In [8]:
from sklearn.linear_model import LinearRegression
from sklearn.model_selection import train_test_split
from sklearn.svm import SVR
from sklearn import metrics
from sklearn import preprocessing
from sklearn.metrics import accuracy_score
from sklearn.preprocessing import StandardScaler
from tensorflow import keras
from numpy import array
from keras import optimizers
from sklearn.preprocessing import MinMaxScaler
from sklearn.metrics import mean_squared_error

In [9]:
import pandas as pd
import matplotlib.pyplot as plt
import numpy as np
import plotly.express as px
import plotly.graph_objects as go
import pandas as pd
import numpy as np
import seaborn as sns
import plotly.io as pio
pio.renderers.default = "vscode"


plt.style.use('default')
%matplotlib inline

In [10]:
dataframe = pd.read_csv('clean_data.csv', usecols=[5], engine='python')
dataset = dataframe.values
dataset = dataset.astype('float32')

In [11]:
scaler = MinMaxScaler(feature_range=(0, 1))
scaler.fit(dataset)

MinMaxScaler()

In [12]:
def create_dataset(dataset, look_back=1):
	dataX, dataY = [], []
	for i in range(len(dataset)-look_back-1):
		a = dataset[i:(i+look_back), 0]
		dataX.append(a)
		dataY.append(dataset[i + look_back, 0])
	return np.array(dataX), np.array(dataY)

	#dataX -> 100 200 300 Y -> 400 
	#dataY -> 200 300 400 Y -> 500 

# SVR

In [13]:
train_size = int(len(dataset) * 0.67)
test_size = len(dataset) - train_size
train, test = dataset[0:train_size,:], dataset[train_size:len(dataset),:]

In [14]:
#for plot
look_back = 3
data = pd.read_csv('clean_data.csv', index_col=0)
data = data.iloc[train_size+look_back+1:,:]
data.sort_index(ascending=True, inplace=True)

In [15]:
train = scaler.transform(train)
test = scaler.transform(test)

In [16]:
trainX, trainY = create_dataset(train, look_back)
testX, testY = create_dataset(test, look_back)

In [17]:
trainX1 = np.reshape(trainX, (-1, 3))
trainY1 = np.reshape(trainY, (917, 1))

regressor=SVR(kernel='rbf', C=10)
regressor.fit(trainX1, trainY1)

print(trainX1.shape)
print(trainY1.shape)
 

import joblib
joblib.dump(regressor, "svr.gz")

(917, 3)
(917, 1)



A column-vector y was passed when a 1d array was expected. Please change the shape of y to (n_samples, ), for example using ravel().



['svr.gz']

In [18]:
pred = regressor.predict(testX)
series_results = pd.DataFrame(scaler.inverse_transform([pred]).flatten(), columns=['SVR_10'])

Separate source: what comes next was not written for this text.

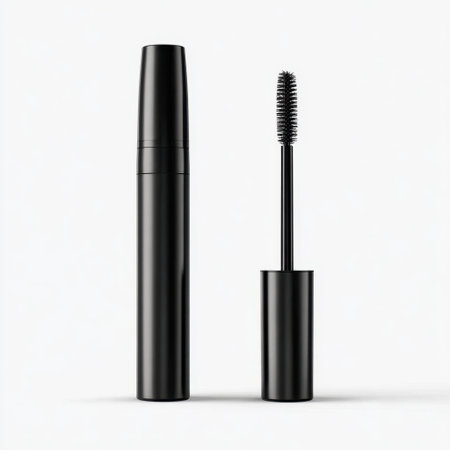 This image showcases a sleek black mascara tube alongside its wand, set against a minimalistic background, ideal for cosmetic product promotion.の素材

print(f"Mean Abs Error: {metrics.mean_absolute_error(testY, pred)}")
print(f"Mean Sq Error: {metrics.mean_squared_error(testY, pred)}")
print(f"Root Mean Error: {np.sqrt(metrics.mean_squared_error(testY, pred))}")

Mean Abs Error: 0.061743450538459484
Mean Sq Error: 0.0067924560592082725
Root Mean Error: 0.08241635795889231


In [19]:
fig = go.Figure()
fig.update_layout(
    title="Comparison of predicted AQI and Measured AQI",
    xaxis_title="Date",
    yaxis_title="AQI Level",
    legend_title="Legend",
)

fig.add_trace(go.Scatter(x=series_results.index, y=scaler.inverse_transform([testY]).flatten(), name="Actual", line_shape='spline'))
fig.add_trace(go.Scatter(x=series_results.index, y=scaler.inverse_transform([pred]).flatten()   , name="SVR", line_shape='spline'))
fig.show()

# Polynomial Regression with degree=10

In [20]:
train_size = int(len(dataset) * 0.67)
test_size = len(dataset) - train_size
train, test = dataset[0:train_size,:], dataset[train_size:len(dataset),:]

In [21]:
#for plot
look_back = 3
data = pd.read_csv('clean_data.csv', index_col=0)
data = data.iloc[train_size+look_back+1:,:]
data.sort_index(ascending=True, inplace=True)

In [22]:
train = scaler.transform(train)
test = scaler.transform(test)

In [23]:
trainX, trainY = create_dataset(train, look_back)
testX, testY = create_dataset(test, look_back)

In [24]:
trainX = np.reshape(trainX, (trainX.shape[0], 1, trainX.shape[1]))
testX = np.reshape(testX, (testX.shape[0], 1, testX.shape[1]))

In [25]:
print(trainX.shape)
print(trainY.shape)

(917, 1, 3)
(917,)


In [26]:
from sklearn.preprocessing import PolynomialFeatures  
poly_regs = PolynomialFeatures(degree= 10)  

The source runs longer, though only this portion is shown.